Hello, I just came across your product, and it seems like the Balance 310 is a possible solution to my issue.
I am settings up a business providing internet based services from the Philippines to clients in Australia. This will involve a lot of VOIP traffic via concurrent SIP calls for a PBX, as well as video conferencing via Skype. Total incoming ISP links would be at most 20 Mbps, but probably half that.
Unfortunately, in this developing country, the major outbound undersea cables all go to the USA, and I have had a meeting with PLDT, the largest telco, who told me that most of my traffic will bounce from SE Asia to the east coast of the US, then back to the east coast of Australia, unless I pay US$800 a month for 2/2 Mbps dedicated circuit on a 12 month contract!

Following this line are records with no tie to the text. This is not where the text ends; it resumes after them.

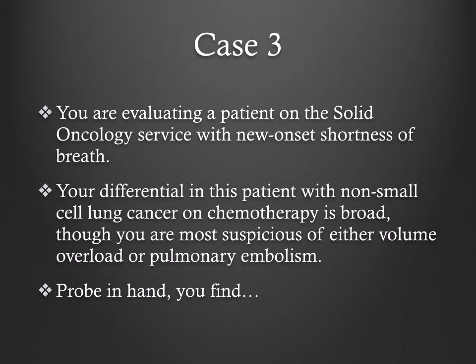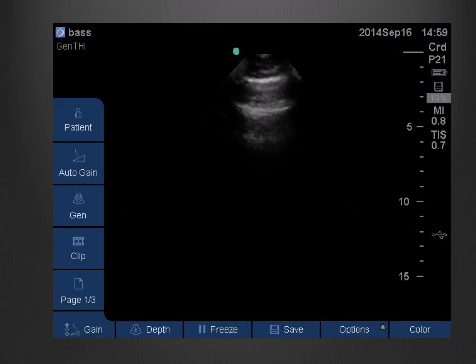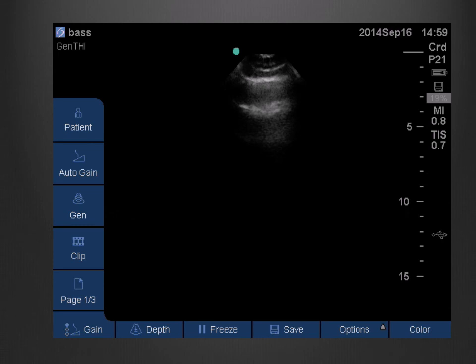Finally, Case 3. You are evaluating a patient on the solid oncology service with new onset shortness of breath. Your differential in this patient with non-small cell lung cancer and chemotherapy is broad, though you are most suspicious of either volume overload or pulmonary embolism. Probe in hand, you find this patient has diffuse A-lines without evidence of B-lines and also exhibits positive lung sliding throughout, rendering alternate diagnoses including pneumonia, pneumothorax, and pulmonary edema less likely. Your pretest probability for pulmonary embolism increases, and you send your patient to CT scan.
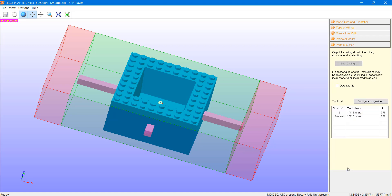Lastly, in step 5, we essentially start cutting the object on the mill. In addition to the start cutting option, we also have a reminder to configure our magazine — placing the correct tool in the correct magazine position. One nice feature is that once you initialize start cutting, it will give you a reminder to set your origins on the machine and make sure you have enough tool exposed out of the chuck. It's really a great reminder for both new and experienced users. I hope this quick overview of the SRPPlayer interface and features helps you get started with the program.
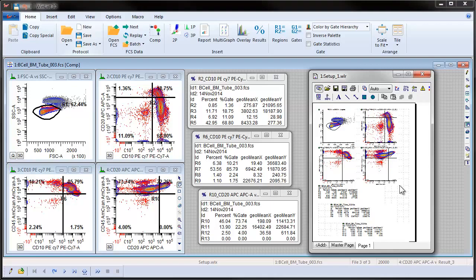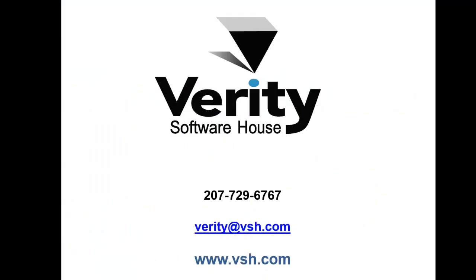We created a new report and dragged the elements we wanted onto the report and processed a batch of files through the analysis setup, and then saved the protocol.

Even then, they only guarantee reliability and a low contention ratio, but not that I will receive a low latency connection to Singapore or Guam, and then onwards to Australia.
Speed tests of two of the three major ISPs have left me extremely underwhelmed, with latency results to Australia for PLDT never below 200ms, and also a lot of jitter and packet loss, due to lack of investment and high contention ratios. Another ISP (Bayantel) reported a ping of 397 ms to Melbourne and this was on their demo PC in their office.

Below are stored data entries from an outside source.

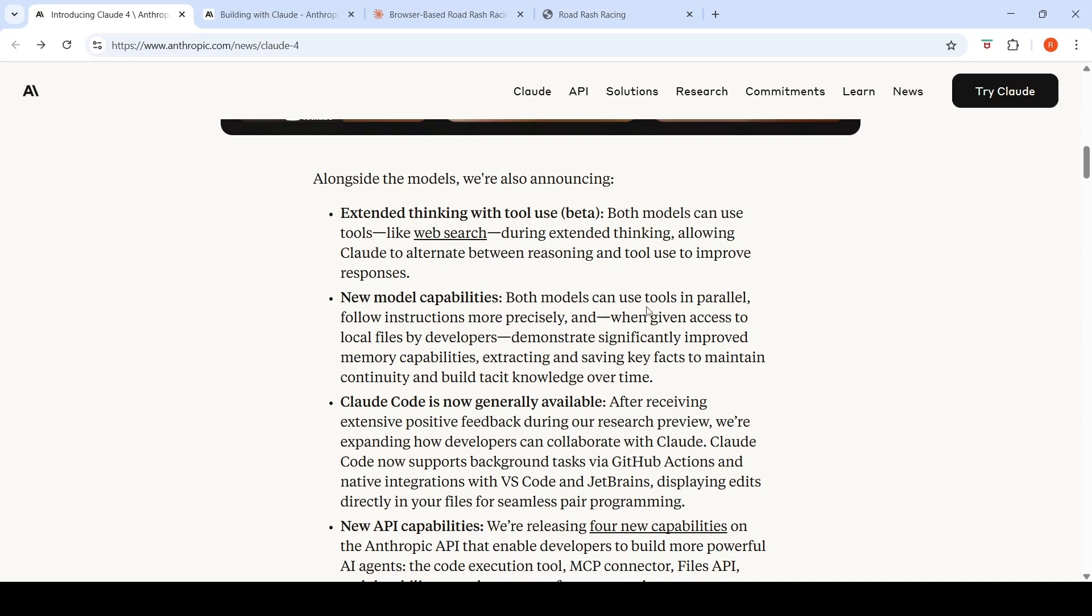Both models can use tools in parallel, follow instructions more precisely, and when given access to local files by developers, they demonstrate significantly improved memory capabilities, extracting and saving key facts to maintain continuity and build knowledge over time.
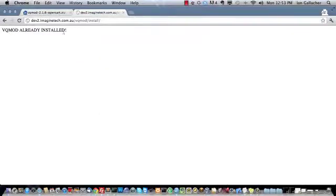Now this comes up with VQMod already installed because I've already done it. If you are doing this for the first time it will be VQMod has been installed and that's it.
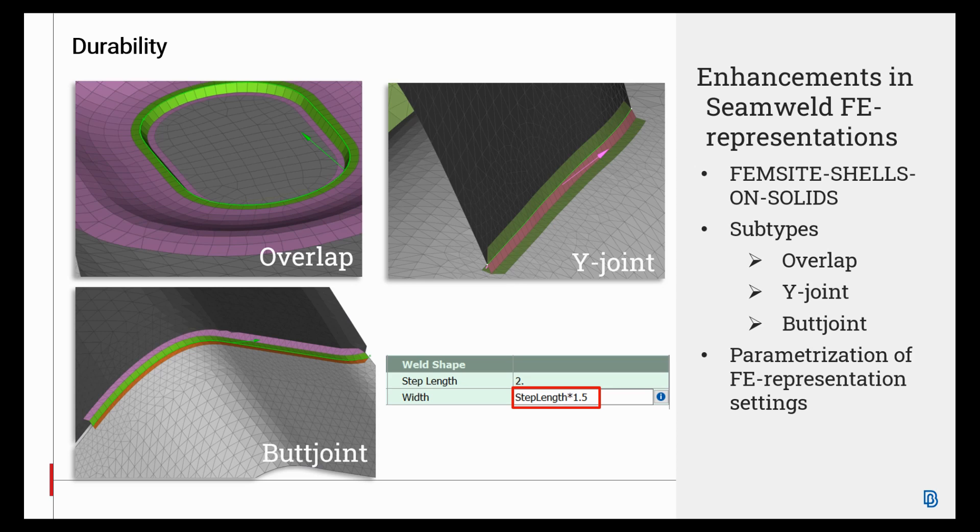Three different subtypes of seam welds can be realized: Overlap, Y-joint, and butt-joint welds. The new FE-REP creates a mesh-dependent weld connection between shell and solid meshed parts, or between two solid meshed parts.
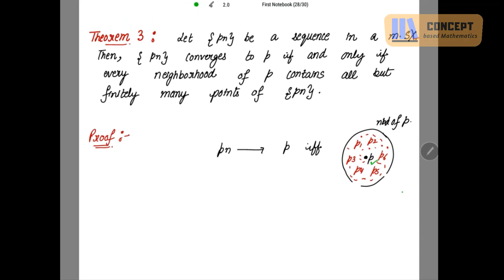Our next result is Theorem 3. Let pn be a sequence in a metric space X. Then pn converges to p if and only if every neighborhood of p contains all but finitely many points of pn. We define the neighborhood of p as a circle, and this contains all but finitely many points of the sequence pn: p1, p2, p3, p4, p5, p6, and so on.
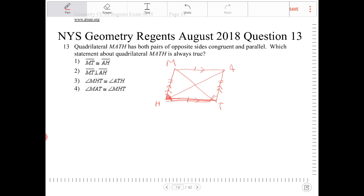That leaves us with option four: angle MAT is congruent to angle MHT. Opposite angles are indeed supposed to be congruent, so yes, that does work. That's option four.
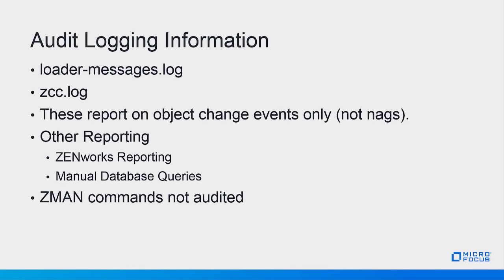Some logging of audits can be found in the Loader Messages log, and ZCC activity is recorded in the ZCC log. This auditing system is to see who changed what in ZCC. This is not nags or prompts for expiration notices, like certificates and licensing.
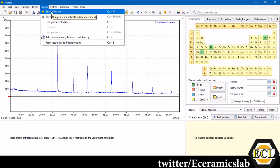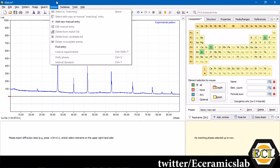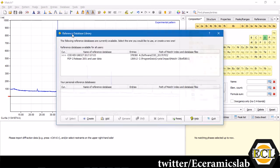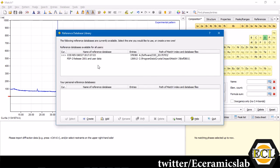Once you click it, this software will search all those compounds which have the element strontium, titanium and oxygen in its database. That's why you have to have the database already fed into the MATCH.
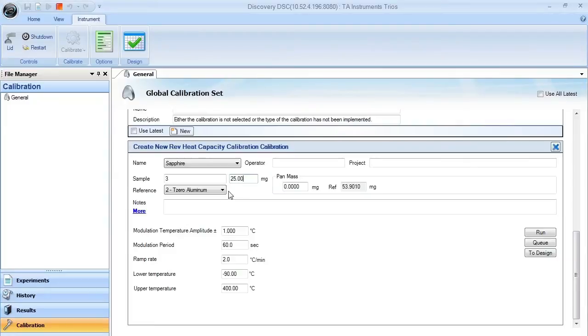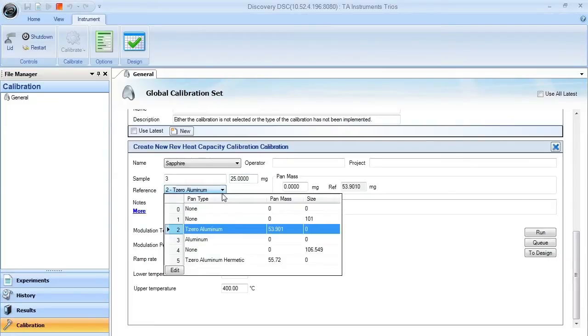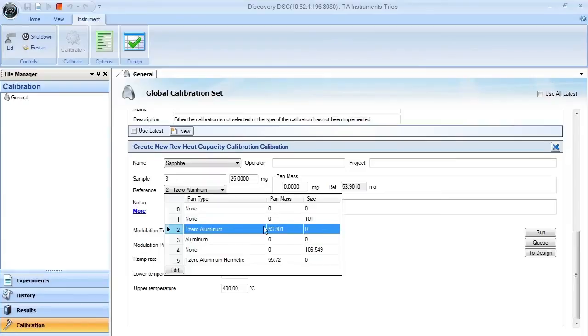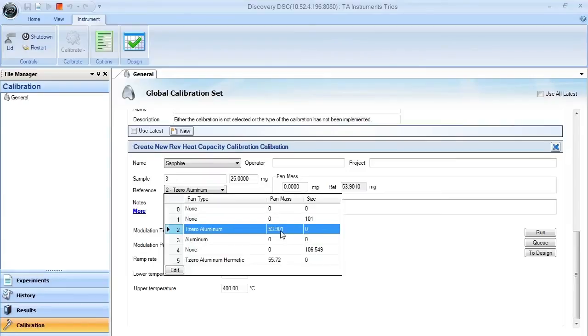Make sure that you choose the correct reference pan. In this case, T0 aluminum in selection spot number two, with a pan mass of about 53.9 milligrams.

The stupdity of the Philippines not investing in a big fat undersea cable to Singapore aside, it seems the Balance 310 is a possible alternative to a leased line for a reliable and scalable solution in our main office.
Two Questions:
Are there any business grade PBX solutions you would recommend that will work with the bonding feature? I am not really in a position where I can just devote all VoiP traffic to a specific WAN.

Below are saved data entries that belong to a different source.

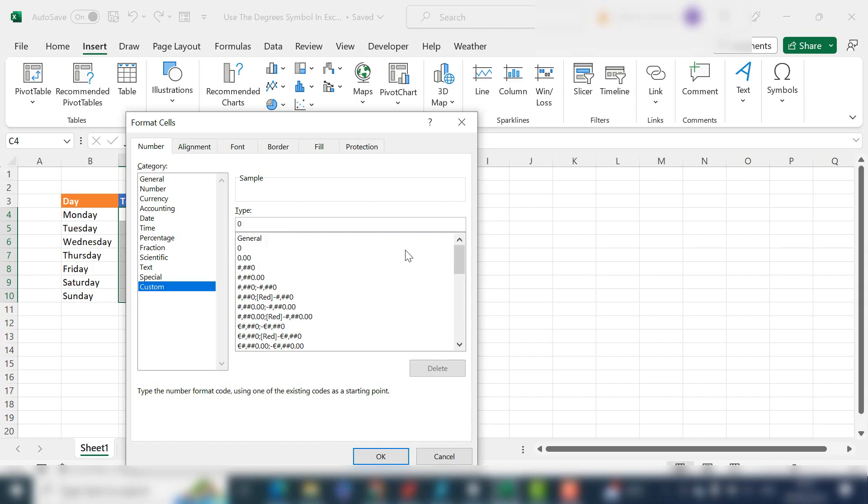So that is zero. If we wanted two decimal places it would be 0.00. For degrees Celsius we only want one decimal place, so we've got one decimal place, but we still need the degree symbol.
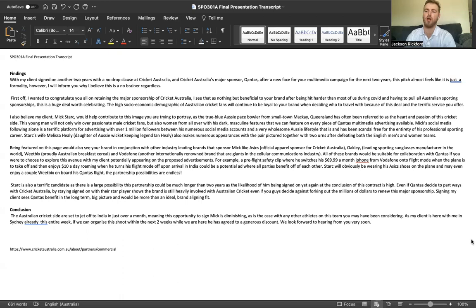All of these brands would be suitable for collaboration with Qantas if you were to choose to explore this avenue with my client potentially appearing on the proposed advertisements.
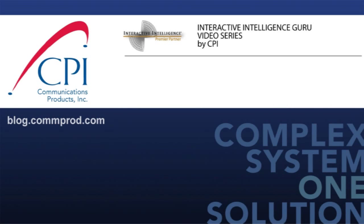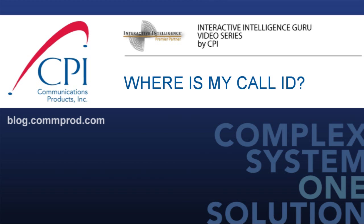Welcome to the i3Guru video series by CPI. This entry is titled, Where is my Call ID?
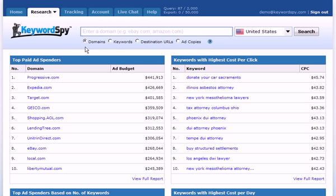Whether you need to find good keywords for your latest SEO campaign, or if you're trying to find the most profitable keywords for your PPC campaign, the Keyword Spy Keyword Search is the perfect tool.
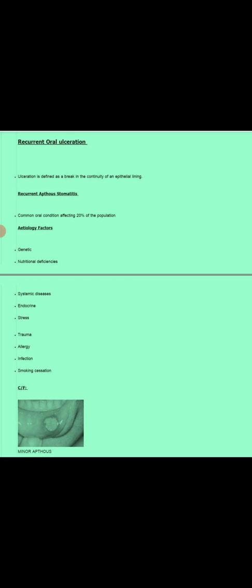The second etiological factor is nutritional deficiencies. Recurrent ulcers occur in nutritional deficiencies like iron deficiency, vitamin B12 deficiency, and folate deficiency. Next is systematic diseases like celiac disease, which is an autoimmune disease affecting the intestine.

Secondly, if I had one DSL connection from each of these three unreliable ISPs, plus a 4G USB stick, will bonding at least modestly improve the quality of SIP calls and RTP, to smooth out the connectivity issues as the calls progress, picking the best route between them, or will the fact that none of these ISPs can provide a decent connection, mean that it would be a waste of money and I am better off with a Balance 30 for basic load balancing and fallback only?
Do I need to enable a VPN to achieve packet based load balancing / bonding, and can this be any VPN capable router or do I need a Balance 20 in the Australian branch office?
Also the website for your partner in the Philippines is dead. Are they still your partner, or is there someone else?